Wersja mleczna urzekła mnie zapachem - to ją wybrałam w sklepie pierwszą, bez żadnego wahania. Sama nie wiem, dlaczego w domu zabrałam się najpierw za pomarańczową piankę, może lubię sobie zostawiać fajniejsze rzeczy na później ;) Jeśli miałyście okazję wąchać kiedyś linię Au Lait ze Scottish Fine Soaps [ próbka masła do ciała była dawno temu w glossyboxie ], ten zapach jest dość podobny [ Esy! Polubiłabyś go :) ] - mleczny, ciepły, trochę słodki i otulający. Kojarzy mi się z leniwymi, odprężającymi wieczorami.  Wszystkie pozostałe właściwości są dokładnie takie same, jak pianki pomarańczowej. 



Co do wydajności, to jestem mile zaskoczona - byłam przekonana, że pianka starczy mi na 4 - 5 użyć, a jest całkiem nieźle w tej kwestii.

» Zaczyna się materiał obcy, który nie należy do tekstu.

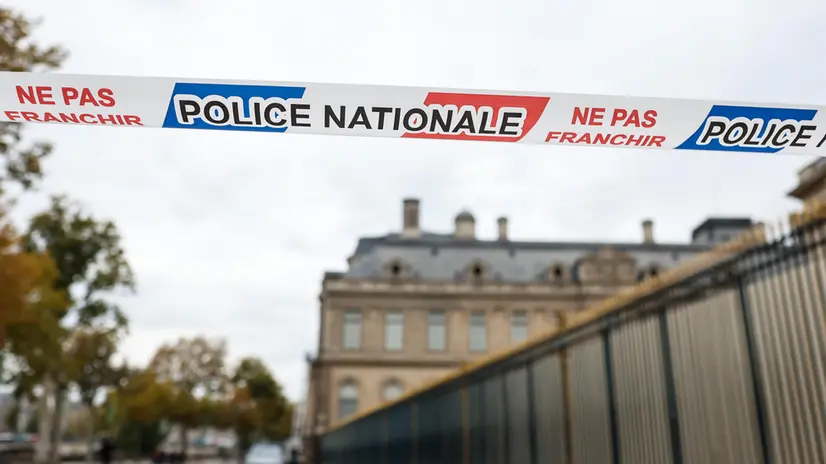 Il nastro della polizia francese davanti al Louvre - Foto Ansa © www.giornaledibrescia.it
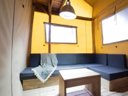 Cliquez pour découvrir toutes les photos de l'HÉBERGEMENT ! tente en toile et bois - camping Les Pins D'Oléron photo 3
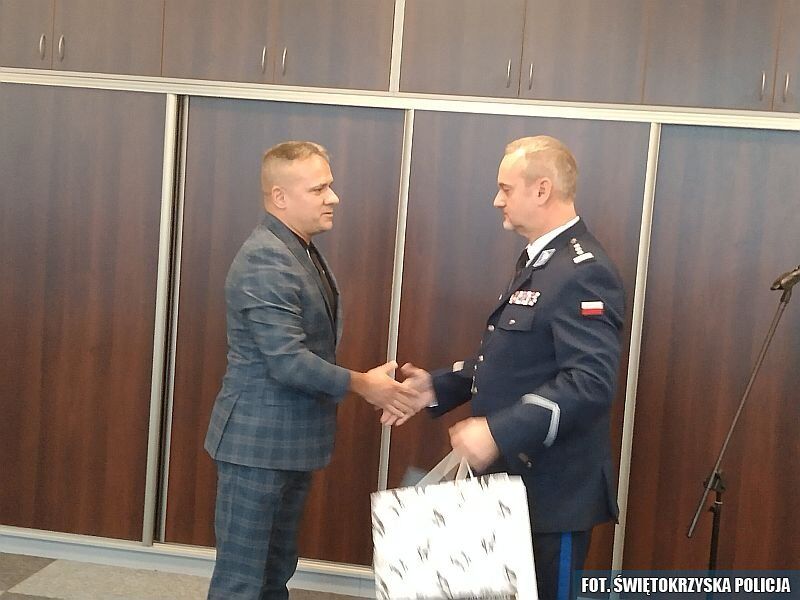 starosta Artur Berus składa podziękowanie odchodzącemu komendantowi policji  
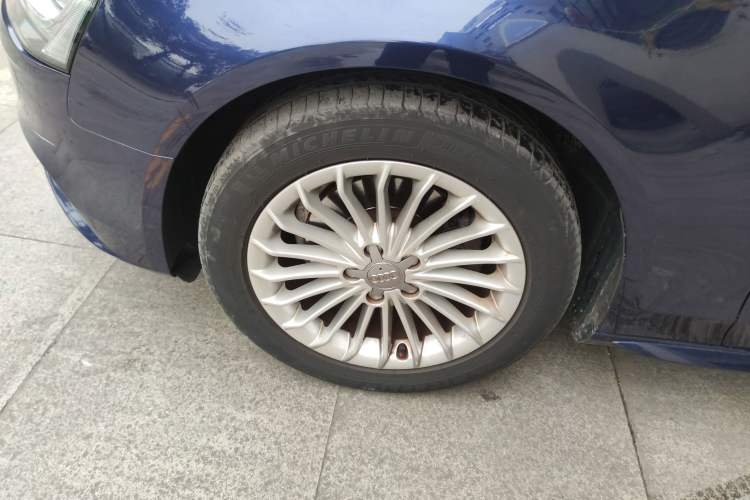 Used Audi A4L 2015 35 TFSI Automatic Comfort Model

Pianki pomarańczowej używam od 9 lipca kilka razy w tygodniu, co na dziś daje już około 11 użyć, a zostało mi jej jeszcze całkiem sporo w opakowaniu, wróżę, że spokojnie na 4 aplikacje jeszcze wystarczy
Wiadomo, wszystko zależy od nas - ja tam sobie pianek nie żałuję, nie jestem oszczędna w tym temacie i jak mam pragnienie nabrać sobie jej więcej z opakowania, nie krępuję się ;) Mlecznej  użyłam tylko raz [ po zrobieniu zdjęć do posta, bo chciałam Wam pokazać, jak wygląda pełne opakowanie ], za to systematycznie ją niucham - nie wątpię, że ona zagości u mnie ponownie, a i inne kosmetyki z tej linii zapachowej rozważam :)



Podsumowując, uważam, że te pianki są miłą odmianą od żeli prysznicowych, miło jest raz na jakiś czas zafundować sobie coś ciekawego. Na pewno nie zastąpię nimi żeli pod prysznic, ale wiem, że będę do nich powracać, bo są naprawdę miłym czasoumilaczem. Jak za taką przyzwoitą wydajność, nie kosztują bardzo dużo, raz na jakiś czas można sobie pozwolić :) Dodatkowo, pianki, moim zdaniem, idealnie nadają się na niebanalny prezent, zwłaszcza dla osoby, która nie wydałaby pieniędzy na taką fanaberię piankową ;) Ja już mam kilka osób na oku, które obdaruję z jakiejś okazji pianką Organique.

A jak jest u Was? Wolicie tradycyjne żele pod prysznic, czy takie nowinki, jak pianka?
A może używałyście już którejś z tych?